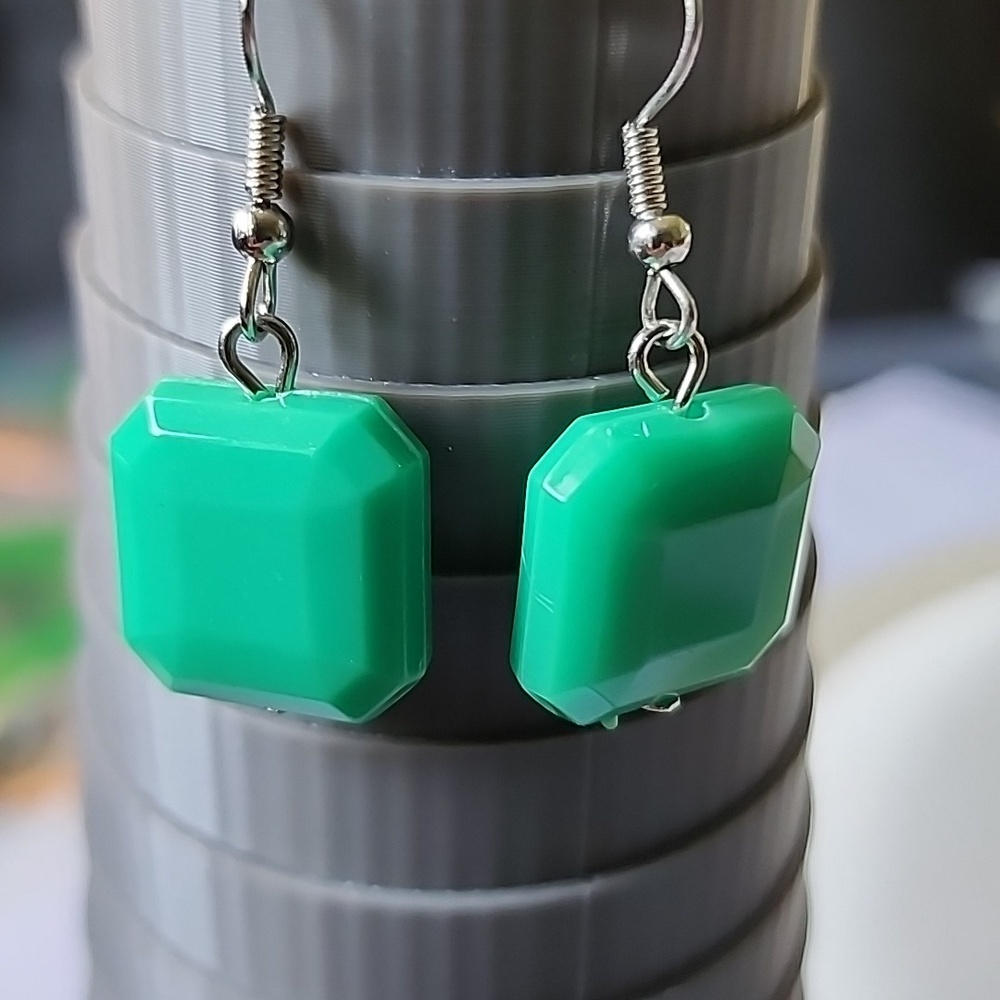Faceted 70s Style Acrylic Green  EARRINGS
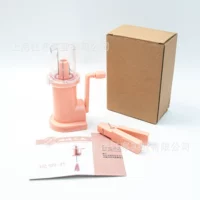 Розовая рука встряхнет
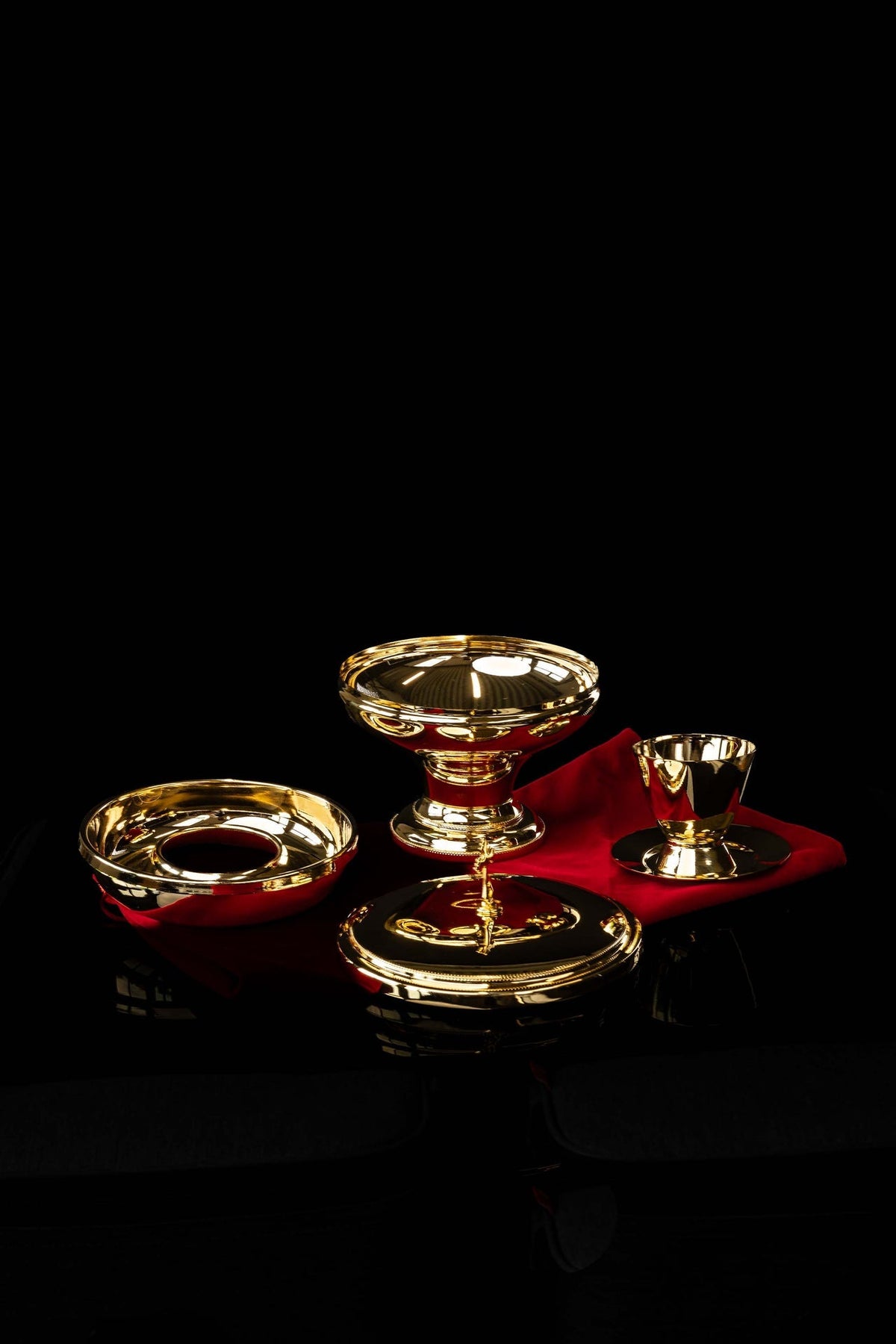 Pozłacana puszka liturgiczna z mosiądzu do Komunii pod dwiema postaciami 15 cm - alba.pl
...
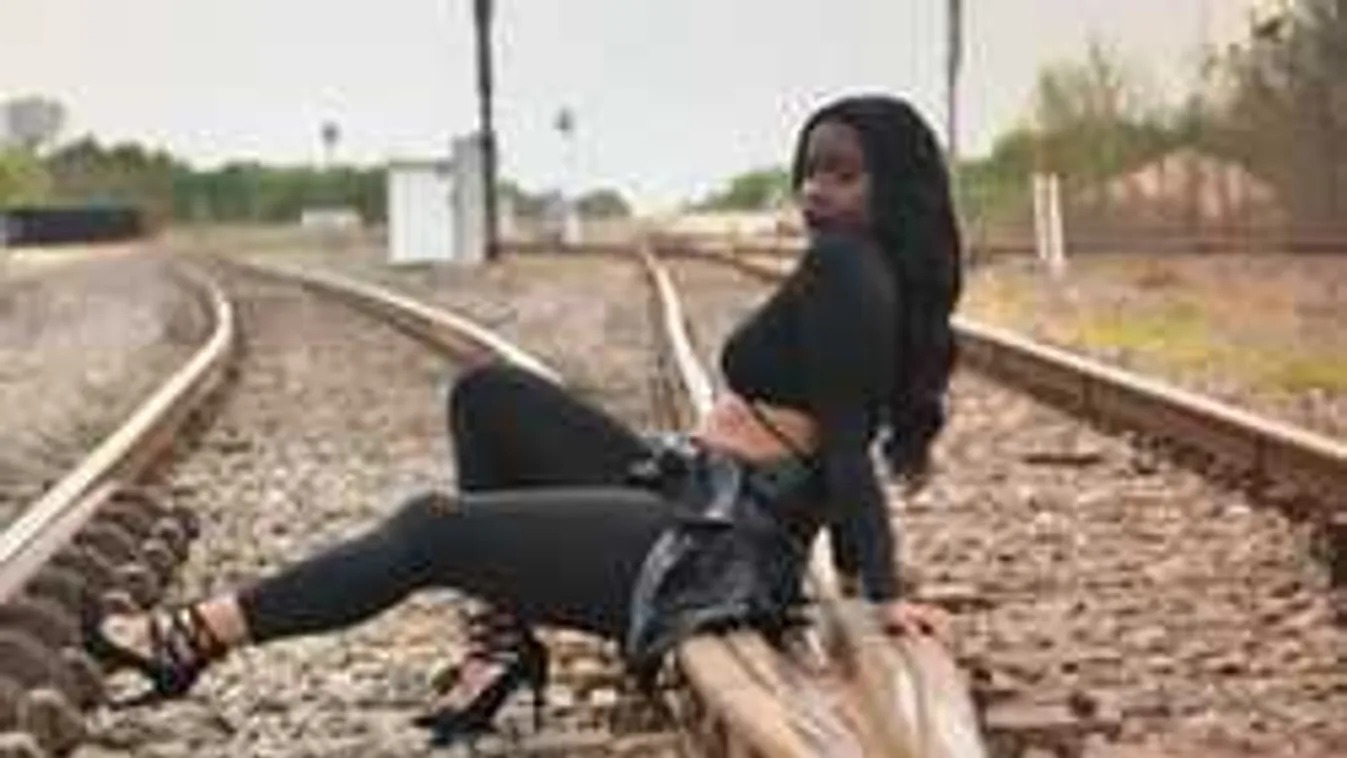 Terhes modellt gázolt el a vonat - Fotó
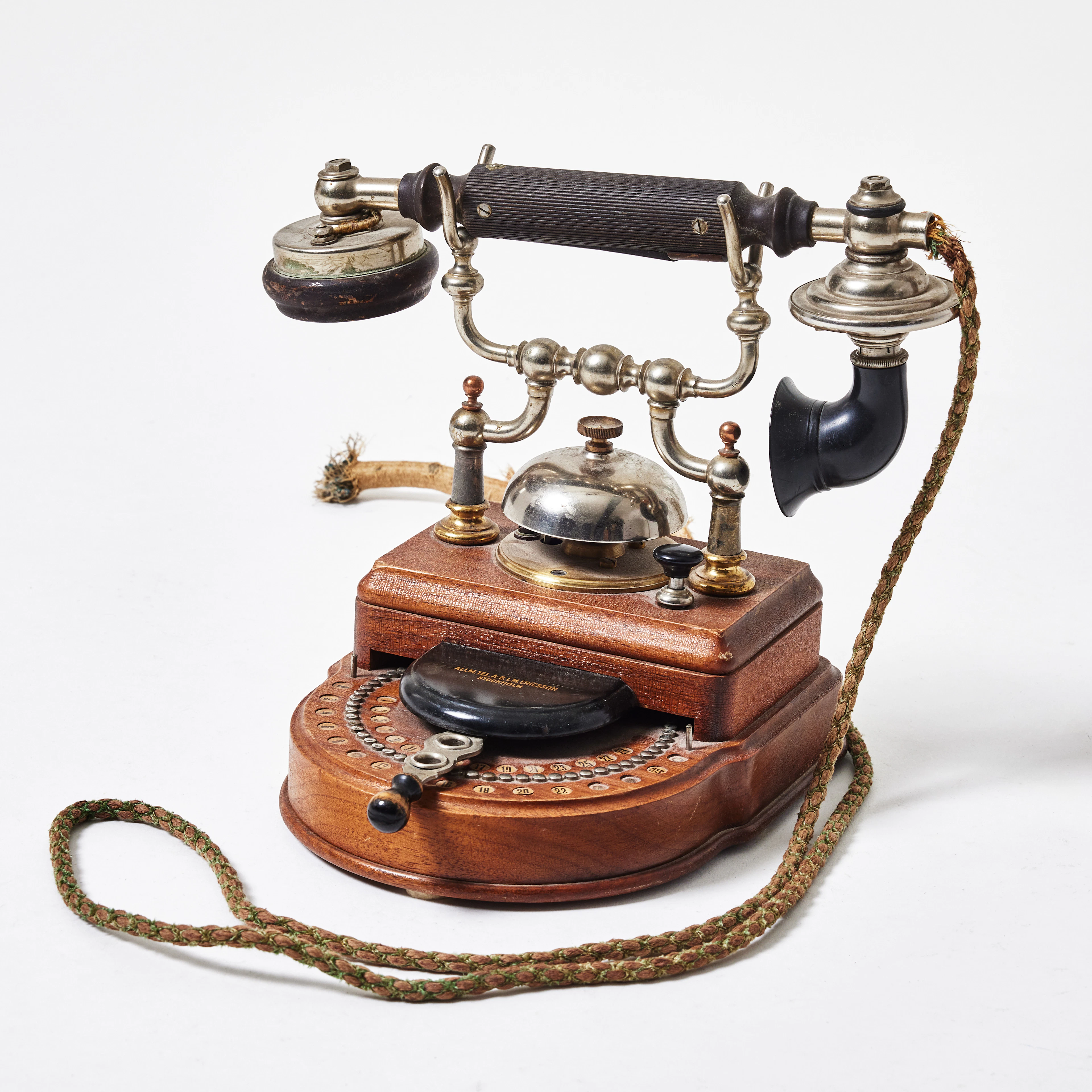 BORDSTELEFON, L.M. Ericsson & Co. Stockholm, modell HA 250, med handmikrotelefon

Task prompt
Transcribe, from the material above, the stretch starting at the line with "Terhes modellt gázolt el a vonat - Fotó" and ending at the line with "BORDSTELEFON, L.M. Ericsson", both included, exactly. Do not carry over pictures.

Exercise output
 Terhes modellt gázolt el a vonat - Fotó
 BORDSTELEFON, L.M. Ericsson & Co. Stockholm, modell HA 250, med handmikrotelefon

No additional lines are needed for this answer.